Working with 360 footage means you can’t skip post-production, and that will put some people off. After each flight, you take your footage into either DJI Fly on mobile or DJI Studio on desktop to reframe it.

Both apps follow the same basic process, which is to pick your viewpoints, set them as keyframes, and let the software build smooth transitions between them. If you’ve worked with 360 cameras before, you’ll find your footing quickly. If this is new to you, there’s a learning curve, but it’s not a steep one.

If editing isn’t something you want to deal with, single-lens mode skips all of that. It uses only the forward-facing camera and records standard 4K at 60fps, the same as any conventional drone. At that point, the Avata 360 just works like a regular aerial camera.

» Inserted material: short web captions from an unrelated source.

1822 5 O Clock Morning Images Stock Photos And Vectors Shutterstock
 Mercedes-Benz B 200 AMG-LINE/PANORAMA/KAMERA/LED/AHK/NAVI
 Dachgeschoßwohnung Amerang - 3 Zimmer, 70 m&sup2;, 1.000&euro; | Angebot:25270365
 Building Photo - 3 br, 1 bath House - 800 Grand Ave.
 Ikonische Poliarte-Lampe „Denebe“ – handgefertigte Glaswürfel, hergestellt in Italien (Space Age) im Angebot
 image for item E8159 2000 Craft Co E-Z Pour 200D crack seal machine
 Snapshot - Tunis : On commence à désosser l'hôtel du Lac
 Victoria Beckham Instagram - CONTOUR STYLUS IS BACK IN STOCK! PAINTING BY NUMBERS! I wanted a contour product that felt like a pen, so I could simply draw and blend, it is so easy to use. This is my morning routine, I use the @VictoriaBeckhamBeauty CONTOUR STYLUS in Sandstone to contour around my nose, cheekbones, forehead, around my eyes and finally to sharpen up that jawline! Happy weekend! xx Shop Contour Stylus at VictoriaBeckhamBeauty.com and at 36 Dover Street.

DJI Avata 360 Camera Drone Verdict

DJI didn’t set out to make a 360-degree camera that can fly. They built a performance drone that also shoots spherical video, and that distinction runs through everything about the Avata 360, from how it handles in the air to the range of ways you can control it.

You’ll need to edit your 360 footage, and other DJI drones will give you cleaner traditional video. But if you want a single drone that can fly aggressively through tight spaces and also pull off cinematic reframed shots, nothing else currently does both as well.

Pros

Cons

Dual 64MP sensors deliver strong 10-bit 8K 60fps video Air 3S and Mavic 4 Pro produce better image quality
Fly solo with RC controller or bring FPV goggles for immersion Buying both controller systems gets expensive
Fast, nimble flight even in windy conditions and its significantly cheaper than the Antigravity A1

Final Thoughts

DJI took a different approach to the 360 drone category than Antigravity did with the A1, and it shows across every area that matters. The Avata 360 flies better, gives you more ways to control it, costs less, and produces better footage.

If you’re willing to put in some editing time with 360 footage, and you understand that DJI’s dedicated camera drones will still outperform it for standard video, you’ll get a lot out of this drone.

If you want something that can fly fast through tight spaces one day and shoot immersive spherical footage the next, nothing else on the market right now offers that combination at this price.